--- The task ---
Whenever "Grey" appears in a line, please copy that line from the data.

Source material START

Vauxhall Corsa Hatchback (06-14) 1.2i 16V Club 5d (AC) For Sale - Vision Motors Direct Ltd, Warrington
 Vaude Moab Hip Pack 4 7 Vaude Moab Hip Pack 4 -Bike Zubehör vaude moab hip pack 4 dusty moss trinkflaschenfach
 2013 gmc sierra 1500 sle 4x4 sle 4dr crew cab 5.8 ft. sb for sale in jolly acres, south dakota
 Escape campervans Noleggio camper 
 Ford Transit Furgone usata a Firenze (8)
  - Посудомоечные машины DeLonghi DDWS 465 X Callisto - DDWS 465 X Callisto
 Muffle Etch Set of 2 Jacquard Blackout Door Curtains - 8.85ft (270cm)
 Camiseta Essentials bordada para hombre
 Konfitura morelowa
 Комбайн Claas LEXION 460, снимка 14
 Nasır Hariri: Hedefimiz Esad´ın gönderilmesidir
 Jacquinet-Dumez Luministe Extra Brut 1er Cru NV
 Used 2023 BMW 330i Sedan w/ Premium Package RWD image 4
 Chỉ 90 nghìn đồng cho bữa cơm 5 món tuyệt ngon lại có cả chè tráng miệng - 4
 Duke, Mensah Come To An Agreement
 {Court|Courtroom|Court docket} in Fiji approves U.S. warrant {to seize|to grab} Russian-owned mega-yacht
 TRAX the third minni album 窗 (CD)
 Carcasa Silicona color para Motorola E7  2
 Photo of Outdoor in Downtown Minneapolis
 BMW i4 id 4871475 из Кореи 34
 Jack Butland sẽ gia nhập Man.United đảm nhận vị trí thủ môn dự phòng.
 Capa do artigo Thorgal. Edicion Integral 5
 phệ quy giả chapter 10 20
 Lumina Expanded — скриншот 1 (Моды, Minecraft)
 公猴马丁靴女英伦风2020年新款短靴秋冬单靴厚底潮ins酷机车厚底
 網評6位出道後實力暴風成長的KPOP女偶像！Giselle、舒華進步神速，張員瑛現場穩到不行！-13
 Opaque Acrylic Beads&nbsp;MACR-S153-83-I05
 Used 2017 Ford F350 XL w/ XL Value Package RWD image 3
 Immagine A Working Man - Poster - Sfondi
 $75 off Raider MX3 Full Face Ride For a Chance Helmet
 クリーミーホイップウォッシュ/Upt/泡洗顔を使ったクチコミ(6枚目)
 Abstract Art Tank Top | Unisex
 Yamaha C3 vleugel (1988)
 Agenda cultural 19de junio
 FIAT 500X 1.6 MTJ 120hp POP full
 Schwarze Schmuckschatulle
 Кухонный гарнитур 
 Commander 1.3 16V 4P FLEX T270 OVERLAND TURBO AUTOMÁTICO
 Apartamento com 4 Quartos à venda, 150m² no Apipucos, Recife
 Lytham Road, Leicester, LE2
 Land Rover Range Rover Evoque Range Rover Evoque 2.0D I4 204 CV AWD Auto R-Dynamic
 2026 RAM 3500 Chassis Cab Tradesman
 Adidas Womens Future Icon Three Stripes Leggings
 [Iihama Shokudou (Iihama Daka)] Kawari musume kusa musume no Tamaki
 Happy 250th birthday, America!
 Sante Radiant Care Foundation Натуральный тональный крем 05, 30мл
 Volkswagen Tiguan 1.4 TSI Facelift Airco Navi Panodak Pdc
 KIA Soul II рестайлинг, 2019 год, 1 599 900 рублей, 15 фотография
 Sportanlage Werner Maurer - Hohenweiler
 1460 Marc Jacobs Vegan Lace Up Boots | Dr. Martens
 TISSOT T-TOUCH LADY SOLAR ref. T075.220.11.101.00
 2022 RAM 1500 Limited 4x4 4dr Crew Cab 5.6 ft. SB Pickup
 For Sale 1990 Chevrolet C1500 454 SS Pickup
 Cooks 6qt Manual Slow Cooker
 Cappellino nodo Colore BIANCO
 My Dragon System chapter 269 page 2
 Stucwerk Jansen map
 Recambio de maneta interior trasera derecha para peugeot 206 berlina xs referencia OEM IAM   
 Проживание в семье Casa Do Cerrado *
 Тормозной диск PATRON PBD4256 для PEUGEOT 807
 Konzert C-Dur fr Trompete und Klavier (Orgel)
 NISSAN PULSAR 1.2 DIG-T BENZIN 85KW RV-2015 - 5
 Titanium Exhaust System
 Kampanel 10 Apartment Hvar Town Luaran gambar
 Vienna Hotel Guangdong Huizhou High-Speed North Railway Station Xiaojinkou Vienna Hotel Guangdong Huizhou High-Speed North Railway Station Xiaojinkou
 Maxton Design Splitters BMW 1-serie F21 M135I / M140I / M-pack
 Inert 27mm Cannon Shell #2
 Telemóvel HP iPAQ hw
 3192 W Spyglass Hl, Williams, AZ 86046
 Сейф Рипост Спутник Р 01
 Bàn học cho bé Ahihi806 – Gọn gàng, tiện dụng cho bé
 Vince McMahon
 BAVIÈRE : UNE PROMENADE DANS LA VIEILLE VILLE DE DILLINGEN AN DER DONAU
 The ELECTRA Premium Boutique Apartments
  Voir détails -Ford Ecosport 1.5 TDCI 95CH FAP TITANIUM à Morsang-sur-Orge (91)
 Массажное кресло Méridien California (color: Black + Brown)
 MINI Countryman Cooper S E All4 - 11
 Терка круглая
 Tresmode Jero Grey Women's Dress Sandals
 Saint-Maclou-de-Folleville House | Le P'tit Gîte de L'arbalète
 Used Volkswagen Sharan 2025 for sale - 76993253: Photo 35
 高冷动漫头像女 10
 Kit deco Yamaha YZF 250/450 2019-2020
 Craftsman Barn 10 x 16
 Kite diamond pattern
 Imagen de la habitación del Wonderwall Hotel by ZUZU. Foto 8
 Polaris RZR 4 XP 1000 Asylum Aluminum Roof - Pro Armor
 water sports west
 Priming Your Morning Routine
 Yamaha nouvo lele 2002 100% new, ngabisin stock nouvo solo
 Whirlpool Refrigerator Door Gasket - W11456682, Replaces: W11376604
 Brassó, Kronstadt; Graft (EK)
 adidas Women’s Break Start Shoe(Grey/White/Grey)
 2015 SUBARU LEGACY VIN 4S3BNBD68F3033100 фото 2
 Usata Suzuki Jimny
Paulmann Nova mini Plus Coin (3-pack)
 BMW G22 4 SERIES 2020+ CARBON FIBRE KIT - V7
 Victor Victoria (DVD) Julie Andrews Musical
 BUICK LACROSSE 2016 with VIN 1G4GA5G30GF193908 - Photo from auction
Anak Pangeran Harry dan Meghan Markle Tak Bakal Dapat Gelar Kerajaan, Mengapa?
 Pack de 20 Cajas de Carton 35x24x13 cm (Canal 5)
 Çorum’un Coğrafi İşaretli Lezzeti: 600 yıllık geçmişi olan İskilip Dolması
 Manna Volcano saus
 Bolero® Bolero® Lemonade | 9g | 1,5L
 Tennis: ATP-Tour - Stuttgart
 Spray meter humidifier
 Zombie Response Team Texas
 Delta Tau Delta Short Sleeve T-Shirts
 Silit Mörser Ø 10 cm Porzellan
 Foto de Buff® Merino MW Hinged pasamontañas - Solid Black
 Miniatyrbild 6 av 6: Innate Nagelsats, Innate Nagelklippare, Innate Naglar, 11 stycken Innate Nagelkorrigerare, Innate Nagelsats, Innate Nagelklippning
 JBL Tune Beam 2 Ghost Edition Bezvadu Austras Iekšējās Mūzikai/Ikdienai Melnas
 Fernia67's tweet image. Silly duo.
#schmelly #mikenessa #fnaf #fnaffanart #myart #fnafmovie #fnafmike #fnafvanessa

Source material END

--- Response to the exercise ---
 Tresmode Jero Grey Women's Dress Sandals
 adidas Women’s Break Start Shoe(Grey/White/Grey)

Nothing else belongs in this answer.